MHP, iktidar olanaklarından mahrum olmamak için AK Parti’yi desteklemeye, Cumhur İttifakı’nı sürdürmeye devam edecektir.

Bu süreçte dikkati çeken parti YRP’dir. YRP’nin AK Parti’den memnun olmayan, muhafazakâr seçmenin yöneleceği adres olduğu yerel seçimlerde ortaya çıktı. Bir büyükşehir, bir il ve 43 ilçe ve kalanı belde olan 69 belediye kazandı. Buna bakarak, AK Parti’nin çözülme sürecinde YRP’nin, Erbakan’ın adının ve Milli Görüş ideolojisinin cazibesiyle büyüme olasılığı yüksektir.

DEM parti, CHP adaylarının karşısına aday çıkararak yerel seçim sonrasında iktidardan beklentileri olduğu mesajını vermiş oldu. Ancak tabanı büyük ölçüde CHP adaylarını destekleyerek parti yönetiminden ayrı davrandı. İktidar da seçim sonrası Van’da örneği görüldüğü gibi yine hukuk dışı kararlarla her an kayyım uygulamasına geçebileceği mesajı verdi. Bu durum DEM Parti’nin iktidar cephesinde değil muhalefette kalması gerektiğini gösterdi.

31 Mart seçimleri ışığında, AKP'nin Van'da kayyım atanması ve CHP'nin kazandığı kimi yerlerde yeniden sayım veya yeniden seçim yoluyla seçim sonuçlarını sabote etme çabalarını nasıl yorumlamak gerekir?

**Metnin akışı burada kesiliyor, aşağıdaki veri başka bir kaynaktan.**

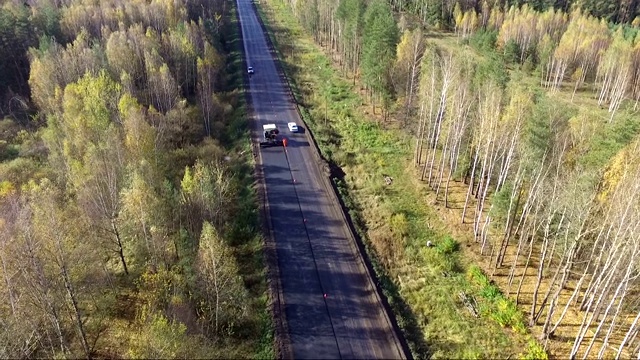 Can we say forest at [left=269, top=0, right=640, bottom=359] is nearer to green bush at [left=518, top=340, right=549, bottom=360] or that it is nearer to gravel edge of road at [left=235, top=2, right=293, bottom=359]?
green bush at [left=518, top=340, right=549, bottom=360]

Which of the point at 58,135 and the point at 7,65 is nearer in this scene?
the point at 58,135

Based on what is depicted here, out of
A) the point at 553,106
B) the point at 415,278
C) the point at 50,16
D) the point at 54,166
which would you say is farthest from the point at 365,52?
the point at 50,16

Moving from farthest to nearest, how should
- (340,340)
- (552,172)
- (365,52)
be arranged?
(365,52)
(552,172)
(340,340)

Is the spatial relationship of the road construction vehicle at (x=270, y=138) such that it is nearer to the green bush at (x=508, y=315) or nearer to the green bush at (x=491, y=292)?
the green bush at (x=491, y=292)

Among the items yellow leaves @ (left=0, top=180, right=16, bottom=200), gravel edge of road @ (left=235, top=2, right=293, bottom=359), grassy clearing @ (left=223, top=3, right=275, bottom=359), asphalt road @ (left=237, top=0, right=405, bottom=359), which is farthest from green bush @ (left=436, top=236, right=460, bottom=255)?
yellow leaves @ (left=0, top=180, right=16, bottom=200)

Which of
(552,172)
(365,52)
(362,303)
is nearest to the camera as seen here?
(362,303)

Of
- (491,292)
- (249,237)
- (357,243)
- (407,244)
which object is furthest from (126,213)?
(491,292)

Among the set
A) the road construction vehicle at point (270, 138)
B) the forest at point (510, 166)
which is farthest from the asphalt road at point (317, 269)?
the forest at point (510, 166)

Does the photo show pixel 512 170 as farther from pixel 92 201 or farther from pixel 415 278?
pixel 92 201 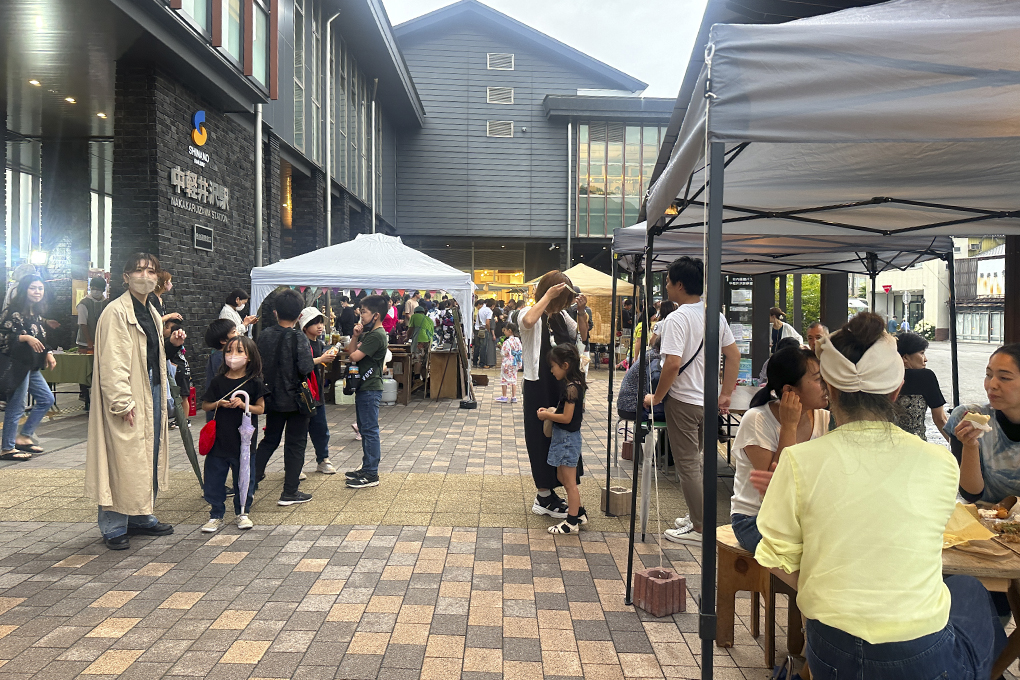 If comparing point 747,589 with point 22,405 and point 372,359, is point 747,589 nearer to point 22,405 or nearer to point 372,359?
point 372,359

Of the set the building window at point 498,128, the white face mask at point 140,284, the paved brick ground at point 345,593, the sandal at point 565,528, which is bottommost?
the paved brick ground at point 345,593

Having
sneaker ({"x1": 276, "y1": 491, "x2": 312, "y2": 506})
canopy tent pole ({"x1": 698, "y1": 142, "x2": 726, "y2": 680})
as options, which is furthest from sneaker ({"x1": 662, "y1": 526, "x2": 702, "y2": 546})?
sneaker ({"x1": 276, "y1": 491, "x2": 312, "y2": 506})

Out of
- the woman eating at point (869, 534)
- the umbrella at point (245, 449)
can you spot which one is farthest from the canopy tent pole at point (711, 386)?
the umbrella at point (245, 449)

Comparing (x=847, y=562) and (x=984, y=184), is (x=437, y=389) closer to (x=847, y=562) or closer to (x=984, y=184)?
(x=984, y=184)

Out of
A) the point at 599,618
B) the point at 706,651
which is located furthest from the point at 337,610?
the point at 706,651

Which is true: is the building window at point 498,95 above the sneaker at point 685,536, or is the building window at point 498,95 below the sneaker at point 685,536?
above

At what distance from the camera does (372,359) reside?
6.37 meters

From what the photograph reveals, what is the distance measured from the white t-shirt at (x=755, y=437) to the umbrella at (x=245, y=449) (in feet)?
11.7

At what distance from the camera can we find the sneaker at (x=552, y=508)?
5660 mm

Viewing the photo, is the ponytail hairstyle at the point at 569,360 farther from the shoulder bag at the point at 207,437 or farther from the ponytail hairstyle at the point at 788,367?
the shoulder bag at the point at 207,437

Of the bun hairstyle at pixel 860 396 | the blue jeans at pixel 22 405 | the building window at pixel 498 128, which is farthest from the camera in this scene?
the building window at pixel 498 128

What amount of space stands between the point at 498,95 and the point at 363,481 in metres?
24.3

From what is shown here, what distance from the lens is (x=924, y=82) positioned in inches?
101

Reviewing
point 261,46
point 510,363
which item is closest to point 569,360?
point 510,363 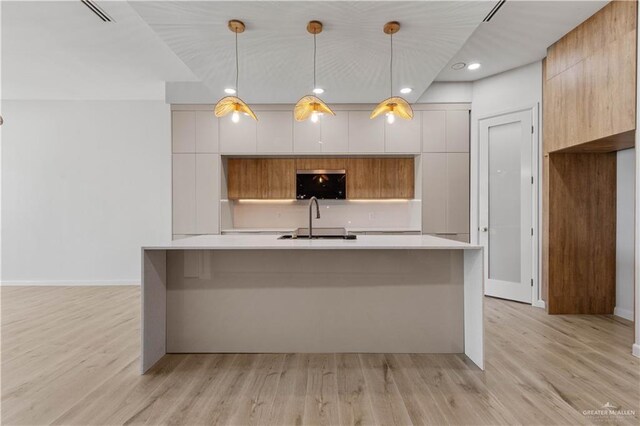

İktidarın bu girişimleri siyasi hazımsızlıktır. İktidarın bu girişimleri yerel sonuç sonuçlarını kabullenmekte zorlandığını gösteriyor. Sandık sonuçlarını hukuk dışı yollarla, irade gaspıyla değiştirmeye çalışıyor. Ancak toplumdan gördüğü tepki, halkın tercihine el koyma girişimlerinden sonuç alamayacağını da ortaya koydu. CHP’nin, DEM Parti’ye yapılan operasyonlara ânında sert tepki vermesi, toplumsal tepkinin büyümesi iktidarı bu yöndeki girişimlerinden geri adım atmaya mecbur bırakacaktır.